The primary reason for the custom docker network is to have buildkitd be discoverable by name from within executor containers (i.e. jobs). Docker requires a custom network to be used in order to provide container/network DNS via its proxy at 127.0.0.11 which it configures as the default resolver for all containers on a given custom network.

If we can provide a consistent method of discovery for buildkitd another way, moving back to the default network is fine by me. I just didn't see another (better) way to do that.

Change 816133 had a related patch set uploaded (by Jelto; author: Jelto):

[operations/puppet@production] gitlab_runner: add workaround for DNS issues in WMCS, fix images

https://gerrit.wikimedia.org/r/816133

Change 816133 merged by Jelto:

[operations/puppet@production] gitlab_runner: add workaround for DNS issues in WMCS, fix images

https://gerrit.wikimedia.org/r/816133

Jelto lowered the priority of this task from High to Medium.Jul 22 2022, 12:10 PM

The primary reason for the custom docker network is to have buildkitd be discoverable by name from within executor containers (i.e. jobs). Docker requires a custom network to be used in order to provide container/network DNS via its proxy at 127.0.0.11 which it configures as the default resolver for all containers on a given custom network.

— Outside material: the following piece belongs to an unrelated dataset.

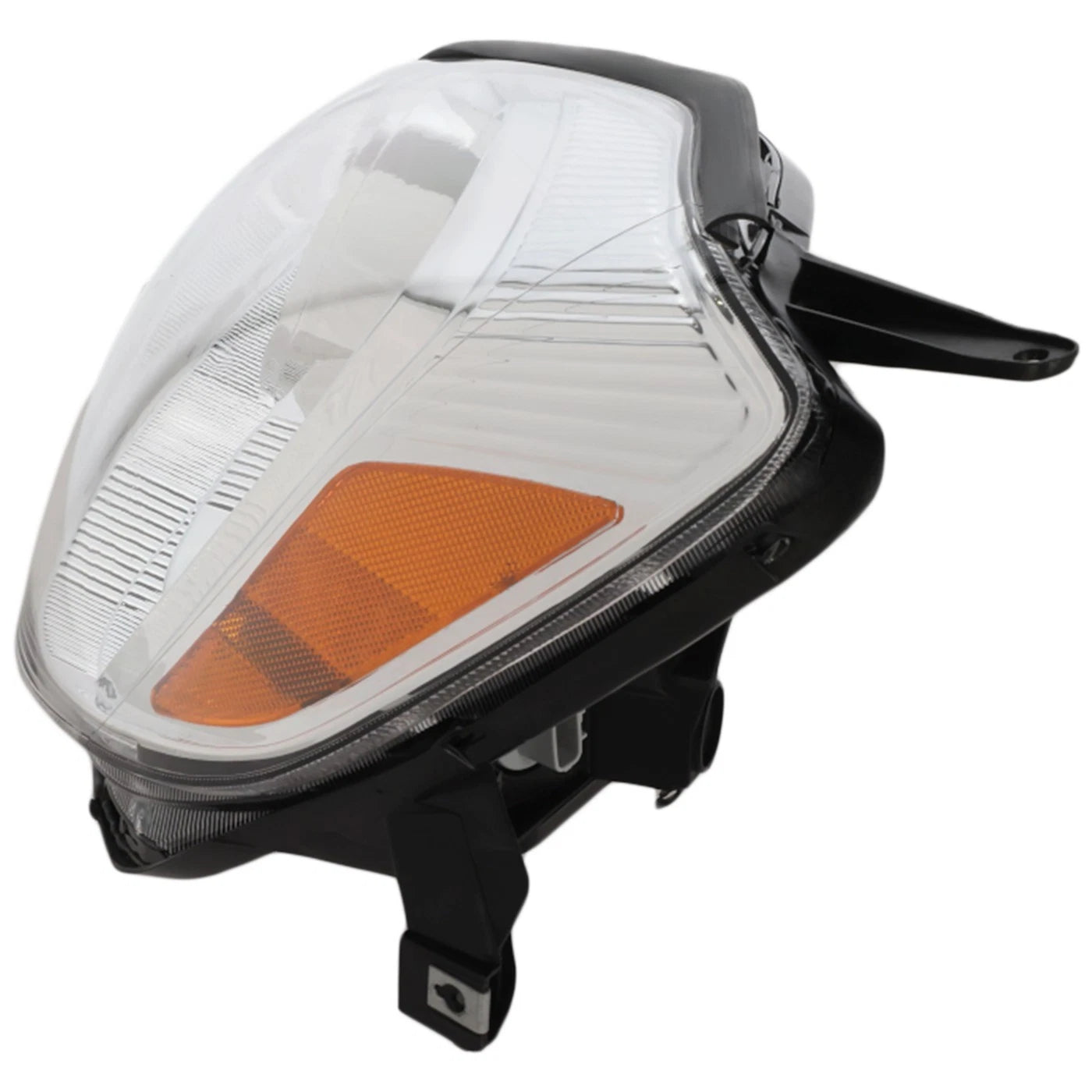 Headlight For 2004-2005 Toyota Sienna Driver Side Halogen 81150AE010 TO2502150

If we can provide a consistent method of discovery for buildkitd another way, moving back to the default network is fine by me. I just didn't see another (better) way to do that.

Okay thanks for the context, that makes sense! I think we should be fine with using a custom network. No rollback is needed. Trusted Runners work fine now after de-registering and re-registering.

For WMCS I was not able to find a proper fix. Containers in the gitlab-runner docker network were not able to do DNS requests. I guess there is something different with the network stack, IP ranges and docker config. But I did not find anything here. As a workaround (see change above) I moved the containers back to bridge default network, to unblock T304514. However this will break communication to buildkitd on the Trusted Test Runner in WCMS. So we should find a proper fix for that, especially to create parity with production again.

DNS is actually workig now. We will follow-up with a separate task to implement firewall rules and talk about egress.